According to Reuters, Malaysian authorities are looking into an alleged attempt to sell the data of more than 46m mobile phone subscribers, in one of the biggest data leaks recorded in Asia. The breach was reported first by local publication Lowyat.net, which had received a tip that someone was endeavouring to sell massive amounts of personal data on its forums.
Malaysian breach could affect all citizens
The Malaysian Communications and Multimedia Commission is looking into the matter with the police. Communications and multimedia minister Salleh Said Keruak said yesterday (1 November) that the government had zeroed in on several potential sources, with the probe due to be completed soon.
Data leaked included mobile phone numbers, ID card numbers, home addresses and SIM card data of about 46.2m people from at least 12 mobile phone and network operators in Malaysia.
The leak has been compared to the large-scale breach of Equifax earlier in the year, with criminals possibly able to create false identities to make purchases online.
An unnamed researcher told Reuters that there had been considerable interest in purchasing the data with bitcoin on the dark web before the breach was discovered by authorities.
According to a BBC report, almost every Malaysian could be affected as many people have multiple phone numbers. Tourists on temporary pre-paid numbers may also be affected.
Australian employee information leaked
Meanwhile, in Australia, a report today from iTnews revealed that the personal employee details of nearly 50,000 Australian government agencies, banks and a utility have been exposed online by a third-party contractor.
It looks to be the country’s second-largest data breach after last year’s leak of blood donor information and a total of 48,270 personal records were left exposed on a misconfigured Amazon S3 bucket.
A Polish security researcher known as Wojciech found the exposed data during a search, unearthing full names, phone numbers, IDs, email addresses and some credit card numbers as well as staff expenses and salary information.
Insurer AMP saw 25,000 staff records exposed, followed by services firm UGL and Rabobank. 3,000 records from the Australian department of finance were also exposed as well as some from the country’s electoral commission and the National Disability Insurance Agency.
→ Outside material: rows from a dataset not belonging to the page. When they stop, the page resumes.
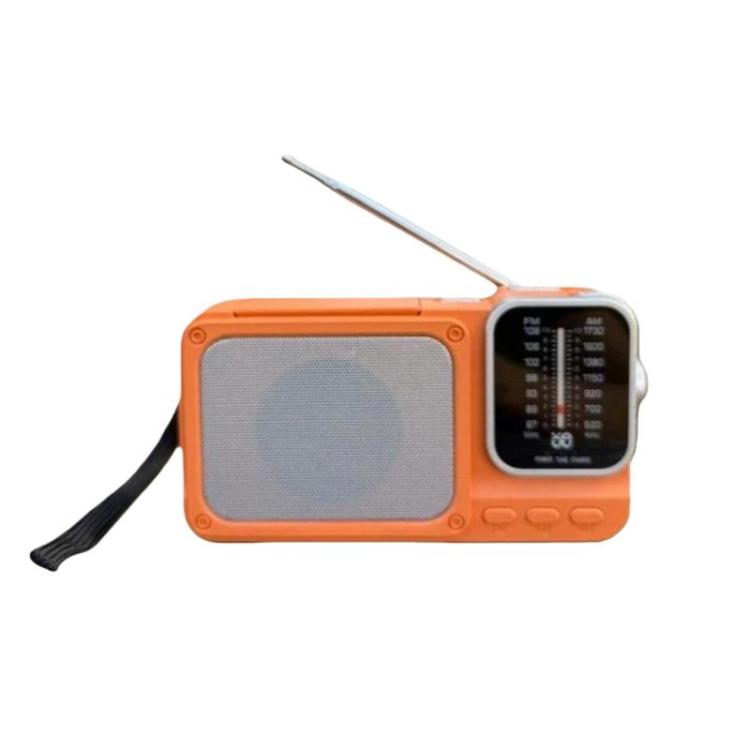 Radio portatile W-916 FM/AM doppia banda con luce lettura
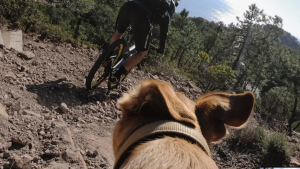 Person bicycling from a dog's point of view wearing a GoPro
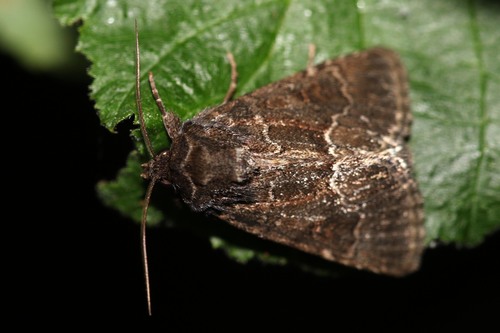 Straw Underwing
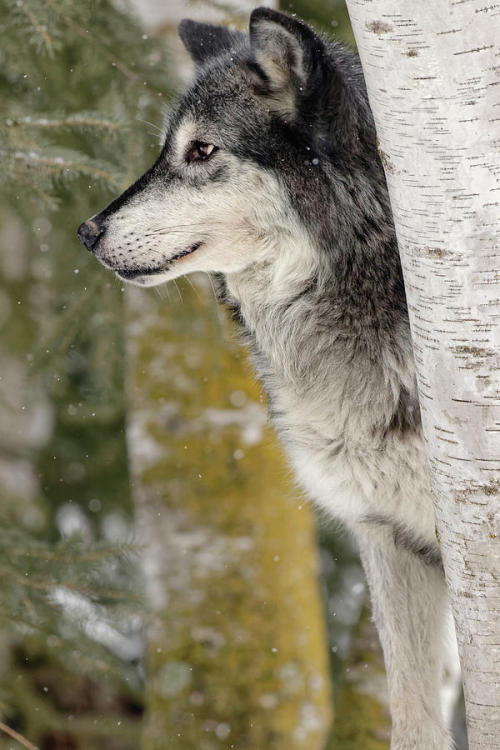 Gray Wolf by © Adam Jones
Unnamed third-party contractor could be at fault
The databases were created as backups in March 2016, and it is suggested that a single third-party contractor is responsible for the breach, although none of the affected bodies have named names.
The Australian Cyber Security Centre said it has secured the information, while AMP also stated that the matter was swiftly dealt with. Other affected companies did not comment.
CEO and founder of CybSafe.com, Oz Alashe, said of the Australian incident: “The information lost in the hack – credit card numbers, passwords, full names, phone numbers and email addresses – can be easily leveraged for convincing, targeted phishing attacks, otherwise known as ‘spear phishing’. All of these details could also quite easily facilitate financial fraud.”
Alashe raised concerns about those employees affected by the breach. “The Australian Cyber Security Centre has purportedly been working with the external contractor since the breach to put in place effective measurements to prevent this happening again. The question remains: what about those affected by the breach? Have these individuals been consulted and advised on what to do, now that their personal details are out in the open?”
Victims of data breaches must be vigilant
Alashe said that passwords need to be changed immediately and credit cards need to be replaced. Victims also need to be wary of future email and telephone conversations, which could be leveraged for scamming.
He also mentioned that the breach occurred through a “publicly available cloud serviced by a third-party supplier”, warning that the issue of weak third-party security practices would not go away any time soon.
He concluded: “In recent years, companies and public bodies are finding that the weak link in their cybersecurity strategy is not, in fact, their own cybersecurity defences. Increasingly, the chink in an organisation’s armour comes from the smaller companies they do business with.”